Il fut un temps où j'étais à l'affût de la sortie du dernier livre d'
Eric-Emmanuel Schmitt. Je lui dois de nombreuses merveilleuses lectures comme "
Oscar et la Dame rose",
Monsieur Ibrahim et les fleurs du Coran", "
La Part de l'Autre", "
Hôtel des deux mondes", "L'Évangile selon Pilate", et bien d'autres encore. Puis, je ne sais pourquoi, je me suis lassée de son écriture. Trop de philosophie tue peut-être la philo !
Il y a quelques mois, j'ai eu envie de relire "

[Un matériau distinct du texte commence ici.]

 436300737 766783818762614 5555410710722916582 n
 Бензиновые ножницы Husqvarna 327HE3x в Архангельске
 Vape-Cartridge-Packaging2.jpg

Ma vie avec Mozart", et là, ce fut un choc ! Alors que ce livre n'avait pas éveillé de grandes sensations lors de ma première lecture à sa sortie, je me suis surprise à être emportée par les vagues déferlantes de mes émotions au rythme des mots de l'auteur et des notes de l'immense Viennois. Comme le virtuose de génie s'est saisi du coeur de l'écrivain, ce dernier s'est emparé du mien !

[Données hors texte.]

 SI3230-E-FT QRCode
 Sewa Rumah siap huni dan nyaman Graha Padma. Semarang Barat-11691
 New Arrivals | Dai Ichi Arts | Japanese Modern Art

Aujourd'hui, j'ai voulu renouveler l'expérience avec Beethoven. Sans attendre le même engouement, car tout en restant modestement admirative, je suis beaucoup moins touchée par la musique assez lourde de Ludwig que par celle, gracieuse, de Wolfgang, j'ai retrouvé le plaisir de lire
Schmitt.
Comment ne pas être éblouie par les compositions de Ludwig van Beethoven, sachant qu'il a été atteint de surdité dès l'âge de 26 ans ? de la même façon qu'avec Mozart, l'auteur décrypte pour le lecteur, et pour lui-même, la musique du grand homme. Un CD joint au livre permet d'écouter des extraits au moment opportun du récit. Malgré sa préférence visible pour Mozart, Éric-Emmanuel
Schmitt n'hésite pas à établir un parallèle entre les deux grands compositeurs.
« Mozart entend, Beethoven fabrique. Chez les deux le métier est ferme, supérieur, rigoureux, virtuose. Chez les deux l'art triomphe. Cependant si Mozart efface son geste, Beethoven le met en avant. Mozart nous propose le produit de l'esprit, Beethoven l'esprit qui produit. Beethoven cherche. Mozart a trouvé. Beethoven reste présent dans son oeuvre, Mozart s'en absente. [...] Pour cette raison, si l'on porte Mozart aux nues, on se sent plus proche de Beethoven. L'un est divin, l'autre humain. »
Il est vrai que, sans négliger le talent de l'Humain, je reste farouchement admirative du Divin aussi, ce volume m'a beaucoup moins transportée que le précédent, bien que j'en aie apprécié les moindres circonvolutions. Cependant, le récit ne s'arrête pas sur cette rencontre avec le compositeur, il se poursuit par une nouvelle mettant en scène une sexagénaire, Kiki à l'humour fracassant, entourée de ses trois fidèles amies et sa rencontre avec Boubacar, un danseur urbain de Hip-hop. Outre les situations volontairement cocasses et jouissives, lues au premier degré, dès que l'on se souvient que la philosophie fait partie intégrante de l'auteur, les métaphores sautent aux yeux du lecteur, traduisant la facétie de l'écrivain.
"
Quand je pense que Beethoven est mort alors que tant de crétins vivent..." ne m'a pas suscité le coup de coeur de "
Ma vie avec Mozart", pourtant, j'ai éprouvé un excellent moment dépaysant en compagnie de ces deux créateurs, le génie des notes et le génie des mots et de la narration.